For people who depend on journalism for their success, they are awfully suspicious of journalists. I can hear the click of the safety catches on their thoughts whenever they speak in my presence. Any time a heated discussion flares up, one of the campaigners will fly towards me, insisting, "This is off the record!"
They are always telling me how anxious they are about what I am going to write. "We've been hurt too many times," they say, meaning, sniped at in print.
Greenpeace depend on people believing in them. The idea of saving the planet as a whole (through symbolic battles on many fronts) owes more to religion than science and their way of doing so lacks a rulebook (apart from an American Indian myth about Warriors of the Rainbow). Greenpeace are not a political organization, answering to a constituency.
They are not a charity or a government agency. To question, to penetrate, threatens to restrict Greenpeace's extraordinary freedom of action, its ultimate moral agency. In this, and in their practice of direct action, Greenpeace is perhaps the most successful anarchist organization in history.
Saturday October 15
The campaign is being led by Jose Augusto Padua of Greenpeace Brazil, an owlish, humorous political scientist of 35. Jose Augusto is, in his own words, a "dissident member of the Brazilian elite". His grandfather was a senator and his uncle was finance minister.
Jose Augusto's view of environmentalism is distinctly Brazilian: to him, it is a social issue; he isn't a mystic or a tree-hugger. The purpose of protecting the forest is to ensure the economic and cultural survival of the people who live in it. Through Greenpeace, Jose Augusto means to challenge the model of development Brazil has followed in the twentieth century, a boom-and-bust programme of crash industrialization. He knows that because of his position, he will never get shot for doing this, unlike the hundreds of union leaders in Brazil, who in their desperation have dared to rise up from the ranks of the poor to challenge the status quo.
The Brazilian chapter of Greenpeace is embryonic: three years old with only 2,500 members, compared with 290,000 members in the UK and 1.8 million in the United States. Yet this campaign is being led by them. The destruction of the rainforest is a Brazilian matter: it belongs to Brazil and the companies responsible for the despoliation are Brazilian.
Sunday October 16
The MV Greenpeace has been joined by a second boat, to accommodate the Brazilian action team and anyone for whom there isn't room on the ship. It is an old-fashioned Amazon river boat with open sides. Hammocks hang from hooks in the ceiling. The pilot's wife cooks in a little kitchen below.

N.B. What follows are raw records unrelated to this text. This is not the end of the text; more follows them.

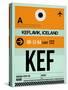 KEF Keflavik Luggage Tag II-NaxArt-Stretched Canvas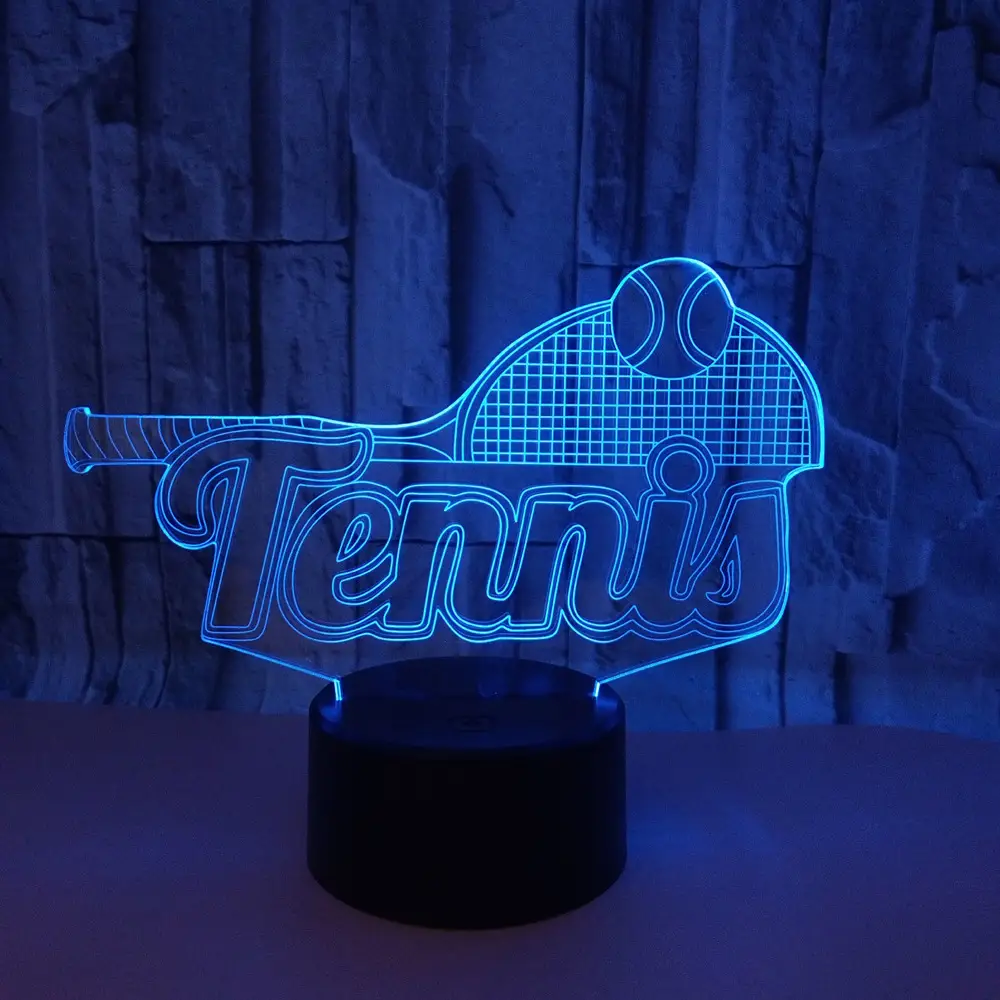 Tennis 3D Night Light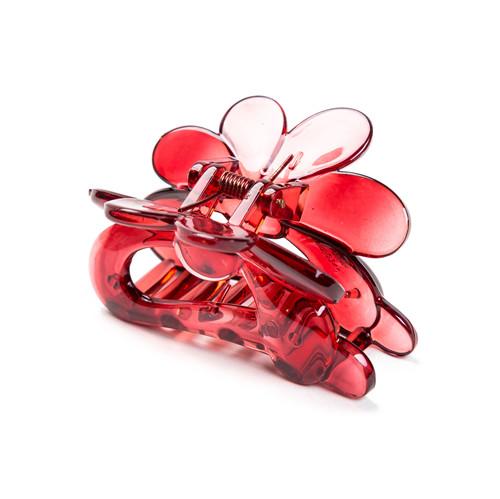 6.5cm Long Cute Bunny Hair Claws Crab Hairclips for Thin Hair Fashion Solid Color Plastic Headwear for Women and Girls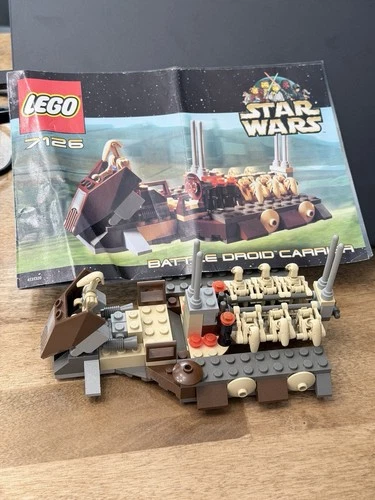 LEGO Star Wars Battle Droid Carrier (7126) 99% Complete, No Box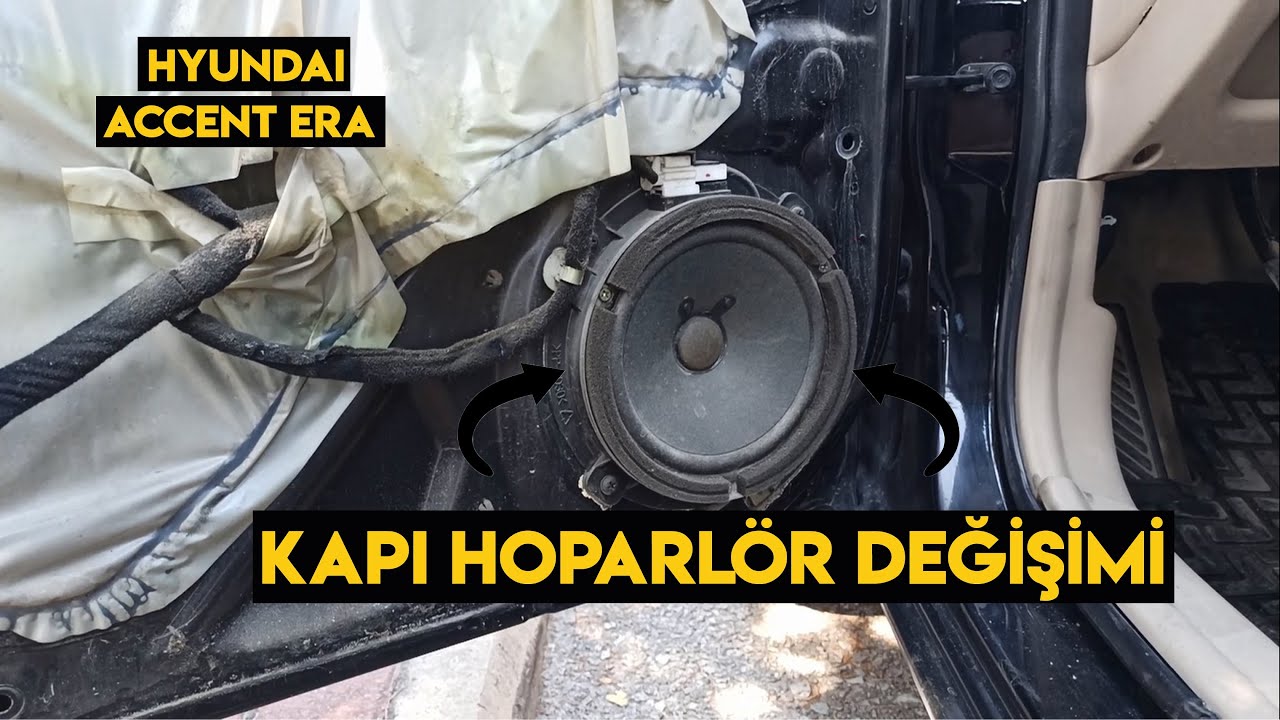 Pratik Tamirat | Hyundai Accent Era Ön Kapı Hoparlör Değişimi Nasıl Yapılır ?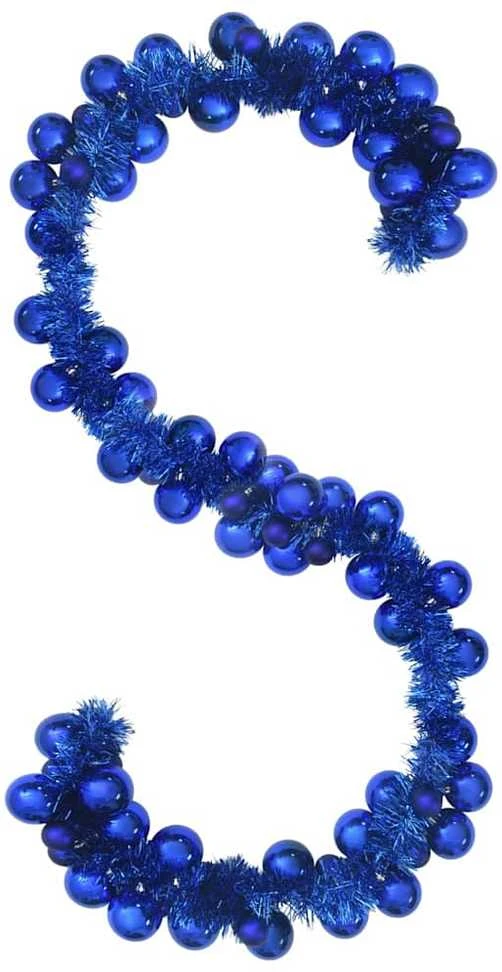 Kalėdų rutulių girlianda LED Mėlyna 186 cm Polystirenas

The food contrasts with the food on the MV Greenpeace. Jody, the cook, is vegetarian, and feeds us on surrealistic salads, veggie burgers and tempe, with meat a concession to human fallibility. On the other boat they scorn this sort of food, and eat rice and beans and stew and keep their beer to the near-frozen condition demanded in Brazil.

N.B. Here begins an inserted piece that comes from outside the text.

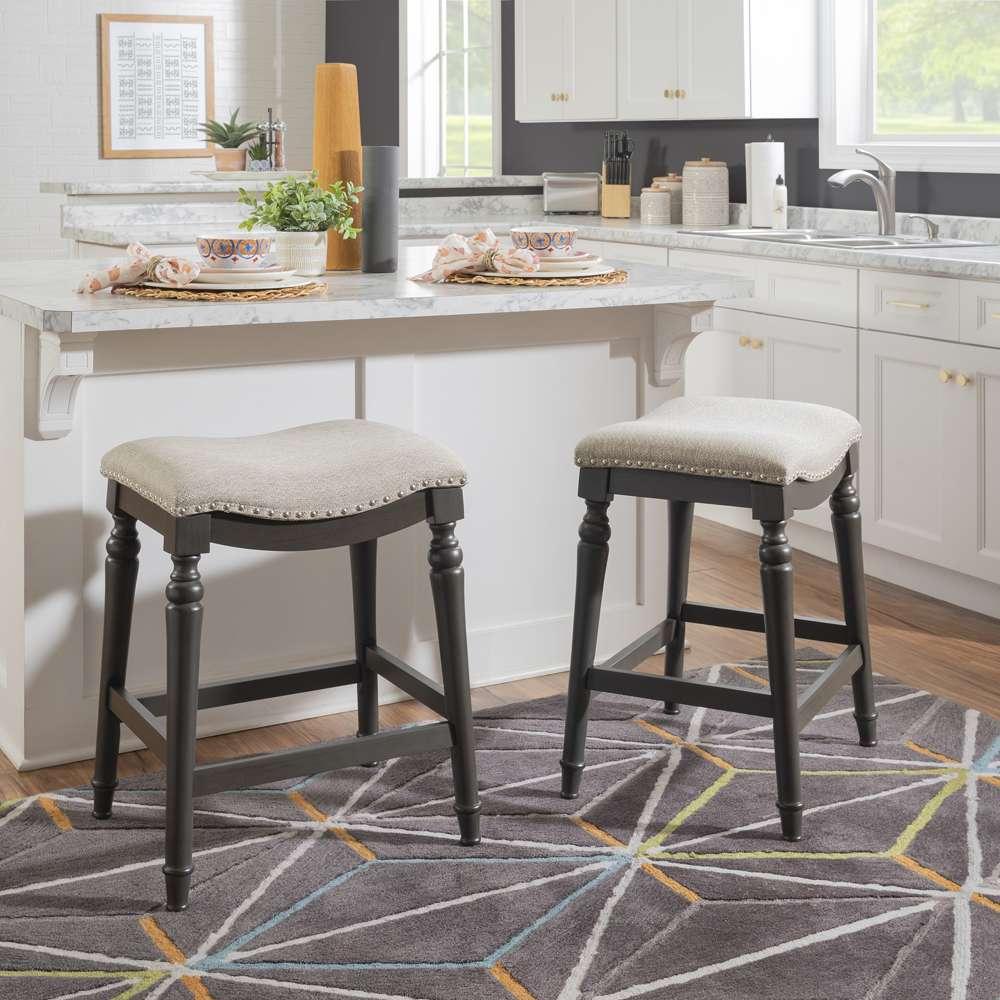 Powell Company - Hayes Big And Tall Counter Stool, Grey - D1043D16CSG veiw 5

The navy now has a helicopter. When Paula goes up, it goes up too, although Paula does her best to confuse it by zooming above, below and around it.
Monday October 17
I plan to compile a dossier on members of the MV Greenpeace crew, which I will submit to the recruiting department of the Secret Intelligence Service, in the hope of earning a commission. With their skills in military-style tactics and strategy, their loyalty to the organization and knack for psychological warfare and propaganda, they would be excellent spy material.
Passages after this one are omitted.